Le due facce di De Rossi: in pochi giorni dalle stelle alle stalle

Le due facce di De Rossi, una opposta all’altra. In pochi giorni il centrocampista della Roma ce le ha mostrate entrambe, senza filtri, senza freni, ma con una chiara ed evidente spiegazione in merito ai suoi comportamenti. Ma andiamo con ordine. Le due facce della stessa medaglia chiamata Daniele, si son viste in due occasioni diverse. La prima nel post gara di Italia-Svezia, quando De Rossi si è recato sul pullman della squadra svedese per scusarsi a causa dei fischi all’inno nel pre-partita e per fare i complimenti alla squadra per l’approdo ai Mondiali. Un gesto da vero signore dopo una sconfitta cocente, un gesto applaudito da tutti, tifosi ed addetti ai lavori. “Grande uomo” dunque De Rossi… o forse no?

De Rossi (Foto LaPresse/Jennifer Lorenzini)

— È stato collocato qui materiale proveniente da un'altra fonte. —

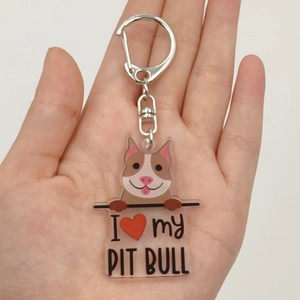 Acrylic Pit Bull keychain with I Heart My Pit Bull text held in hand for size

Pochi giorni dopo arriva l’altra faccia della sopracitata medaglia, quella più oscura. Roma in vantaggio, manata a Lapadula, espulsione, rigore e pareggio per i giallorossi che vengono frenati paradossalmente da chi dovrebbe trascinarli. Ma qual è la discriminante di questi due comportamenti? Cos’è cambiato da San Siro a Marassi? E’ chiaro, le due facce della medaglia si differenziano in questo modo: il De Rossi a freddo ed il De Rossi a caldo. A freddo è un uomo tutto d’un pezzo, molto intelligente e sempre lucido nelle sue disamine. A caldo invece diventa un ingenuo 18enne trasportato dalla sua foga, incapace di collegare il cervello ai propri gesti, un rischio per la sua Roma. Dunque questa è la differenza tra i due De Rossi. Ieri il suo “calore” andava tenuto a bada, la Roma ne paga le conseguenze.